First of all you see a kind of a greeting message that tells you important details about how the subsequent log messages came to exist. They come from a remote machine to the listener. The debug level is displayed and the time zone is given as reference point in case you need to compare the timestamps with logs from other time zones.
After that greeting, the log messages look just like on the console.
You can further improve the greeting by supplying the name of the client (i.e. your script) that is using the logger. I recommend to additionally mention the version number of your script. This helps in the field when you want to figure out, which version of your script was running when a problem surfaced.
Let's disconnect, provide a proper client name and reconnect.
log.disconnect() log.set_client_name("remotelog-tutorial 1.0.0") log.connect()
Now the greeting looks like this:
2020-09-09 [INFO] remotelog-tutorial 1.0.0: Connected to log receiver listening on localhost:3000 with log level DEBUG. Time zone is UTC+0200.
That's all the context you need to properly interpret the message after that point.
You can either concatenate the message strings, or if you want a little bit more convenience, you can use message formatting.
remotelog uses the same format strings as Lua's
string.format() if you provide two or more parameters in a log function.

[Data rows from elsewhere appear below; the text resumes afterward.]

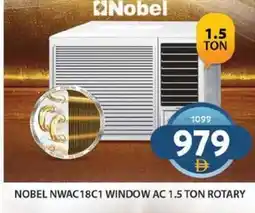 Grand Hyper Market Nobel nwac18c1 window ac rotary offer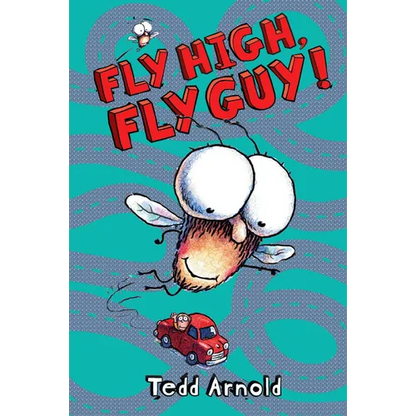 Fly High, Fly Guy! (Fly Guy #5): Volume 5 - Hardcover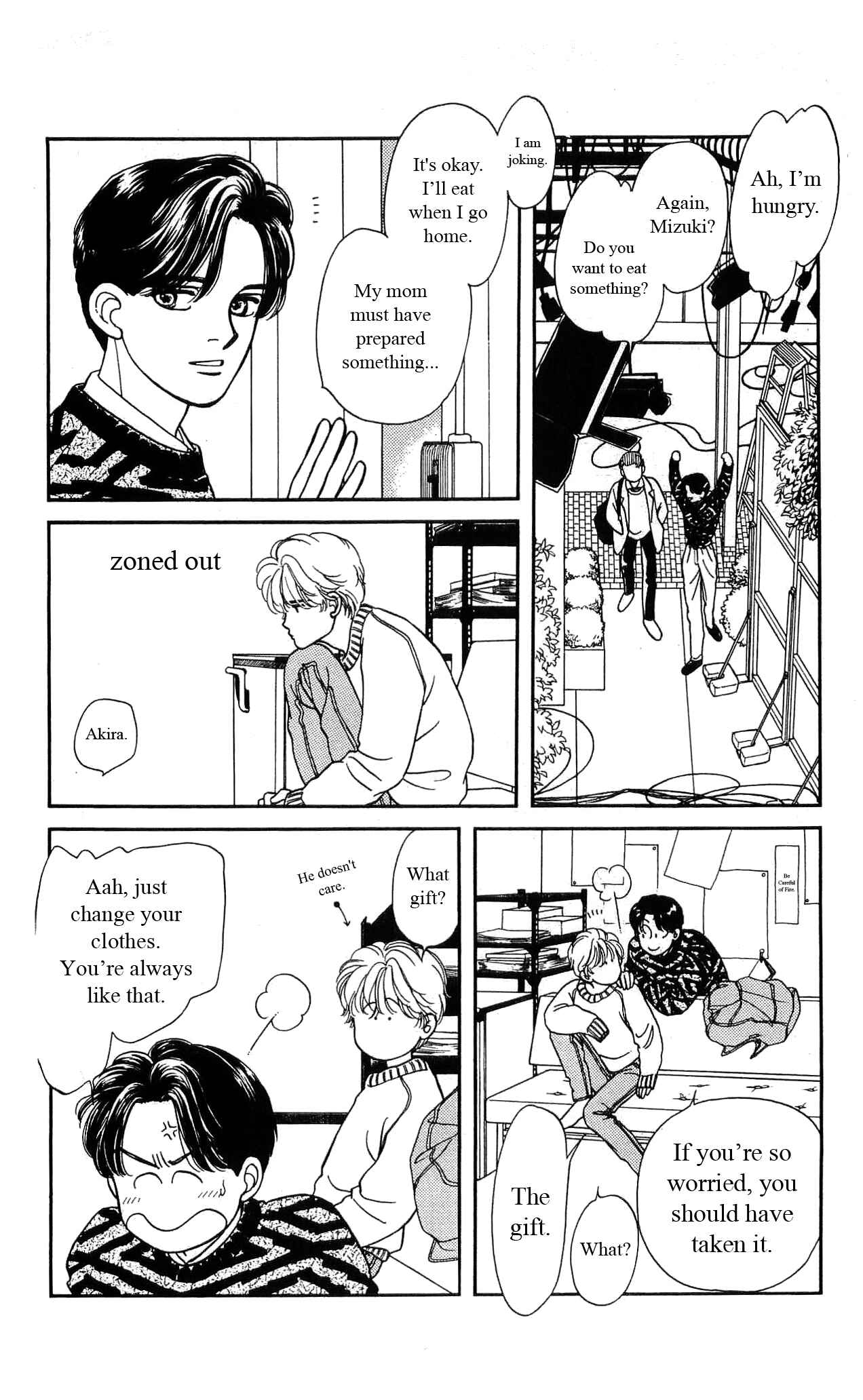 Page 24 Chapter 13 Hajime-chan is No. 1!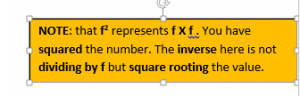 Changing the Subject of the Formula example 3.3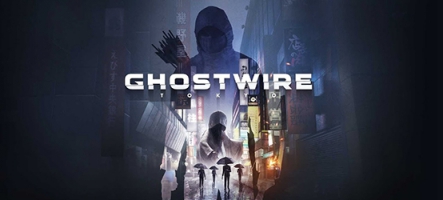 Ghostwire: Tokyo (PS5, PC)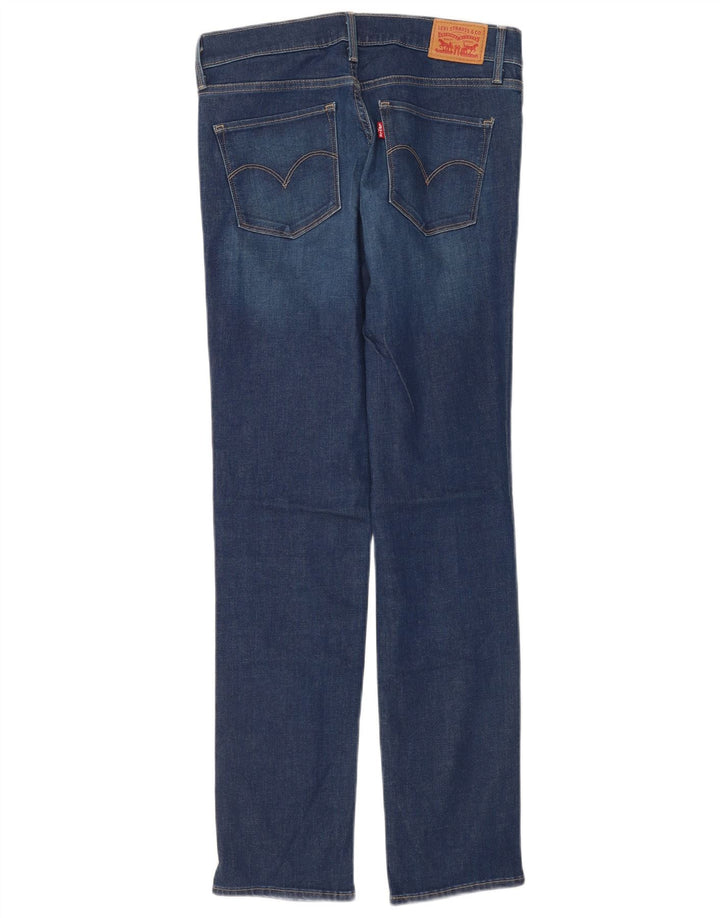 Женские джинсы Levi's 312 Shaping Slim W30 L30 синие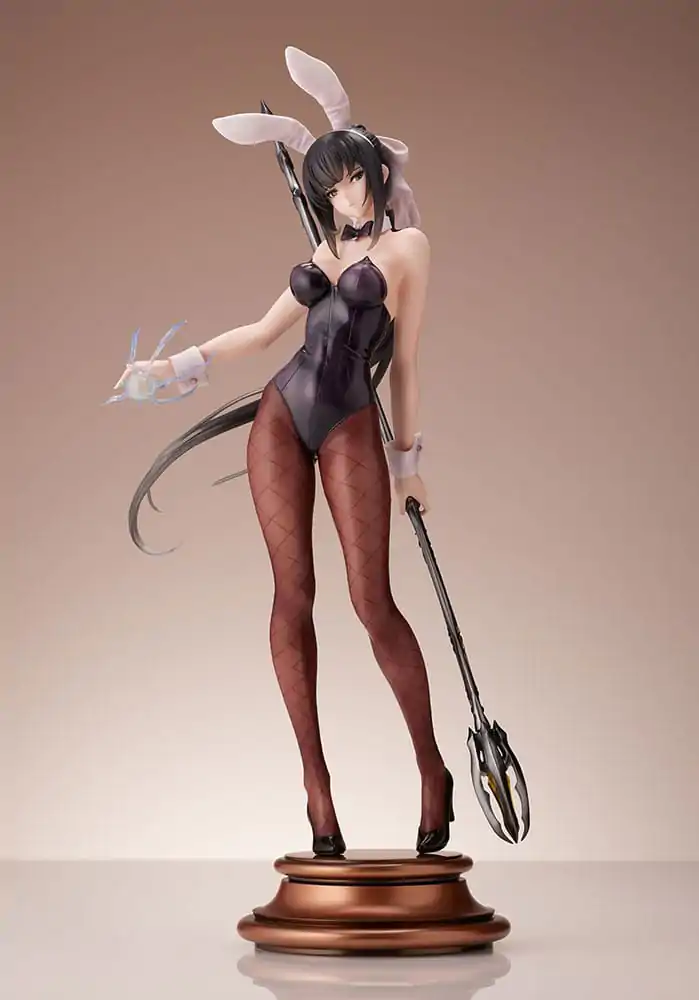 Overlord PVC Statuetka 1/7 Narberal Gamma so bin Bunny Girl Ver. 32 cm zdjęcie produktu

log.info("%s: %d pound sugar, %d pound butter, %d pound flour, %d pound eggs. %3.0f%% awesome.", "Pound cake", 1, 1, 1, 1, 100)

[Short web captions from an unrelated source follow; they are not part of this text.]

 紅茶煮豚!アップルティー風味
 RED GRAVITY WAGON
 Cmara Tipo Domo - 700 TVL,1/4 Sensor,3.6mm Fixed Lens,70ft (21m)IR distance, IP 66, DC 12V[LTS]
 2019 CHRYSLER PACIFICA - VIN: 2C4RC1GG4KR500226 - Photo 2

And the result of this is:
2020-09-09 [INFO] Pound cake: 1 pound sugar, 1 pound butter, 1 pound flour, 1 pound eggs. 100% awesome.
remotelog is a compact Lua module with only a single external dependency. And that dependency is preinstalled on all recent Exasol versions.
remotelog provides console and socket logging. You can change the time format, use a high-resolution timer, get a lot context through a greeting message, format message and all of that with little to no effort.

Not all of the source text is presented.